Le groupe Californien veut convaincre les labels de ne pas reconduire les accords signés avec Soptify et TouTube qui diffusent de la musique gratuite en streaming.

Le groupe Californien veut convaincre les labels de ne pas reconduire les accords signés avec Soptify et TouTube qui diffusent de la musique gratuite en streaming. - Josh Edelson (AFP)

Pour lancer son offre de streaming musical, Apple chercherait à convaincre les labels de ne pas renouveler les accords passés avec Spotify et YouTube sur la diffusion gratuite. Tim Cook serait même prêt à dédommager le manque à gagner.

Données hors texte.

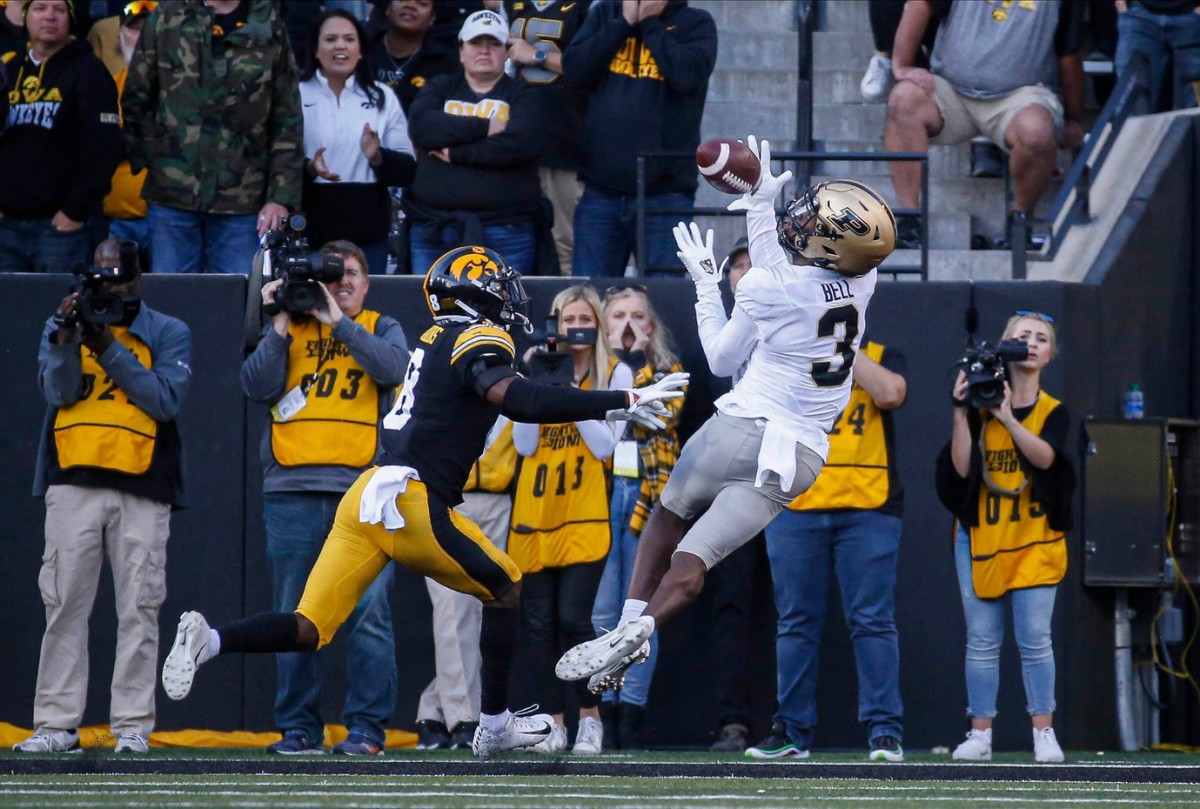 Purdue junior wide receiver David Bell pulls in a touchdown pass in the third quarter against Iowa on Saturday, Oct. 16, 2021, at Kinnick Stadium in Iowa City.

Quand Apple se lance sur un marché, il faut s’écarter. Et ceci vaut aussi pour les acteurs historiques. Selon le site The Verge, le groupe californien tente de convaincre les grands labels de musiques de ne pas reconduire les accords qu’ils ont signés avec les sites diffusant gratuitement de la musique en streaming.

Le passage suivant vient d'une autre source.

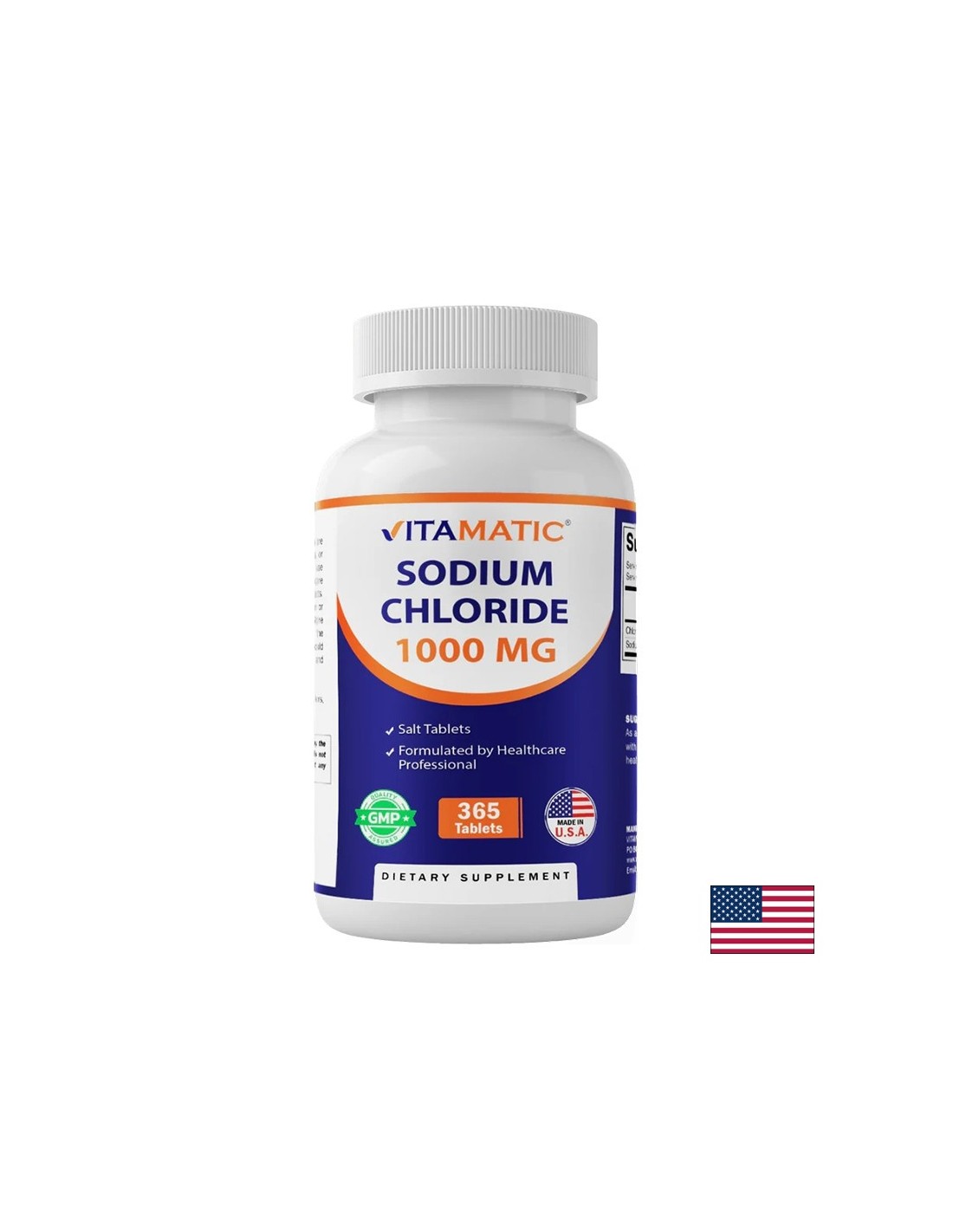 Натриев хлорид – Електролитен баланс и хидратация, 1000 mg, 365 таблетки - Feel You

Les deux principales cibles sont Spotify et YouTube, les deux principaux acteurs de ce marché. La plateforme européenne compte 15 millions d’abonnés payants, mais 60 millions d’utilisateurs qui accède à l’offre freemium. Quant à YouTube, ce sont un milliard de personnes qui se connectent chaque mois à son service.

The Verge ne se contente pas d’accuser. Il cite une source qui affirme qu’Apple aurait proposé à Universal Music de combler leur manque à gagner. Comment? En payant tout simplement la licence à la place de Youtube si l’accord est rompu.

Préparer le terrain pour Beats qui sera lancé en juin

Cette soudaine agressivité d’un leader planétaire s’explique par le très probable lancement en juin, lors de la conférence WWDC, du service de streaming de Beats, le groupe racheté en 2014 pour 3 milliards de dollars (2,7 milliards d’euros).

Si les informations de The Verge se confirment, elles pourraient donner du grain à moudre à la Commission Européenne qui enquête justement sur les relations et les accords passés entre Apple et des labels musicaux. L’inquiétude de l’Europe repose principalement sur la puissance de feu que pourrait mettre en œuvre Apple contre ses concurrents.

Le dossier est entre les mains de Margrethe Vestager, commissaire européenne en charge de la concurrence, qui gère également les dossiers Google. Si l’enquête confirme les suspicions, elle pourrait exiger qu’Apple modifie ses accords. Et, en cas de refus, l’addition pourrait être salée.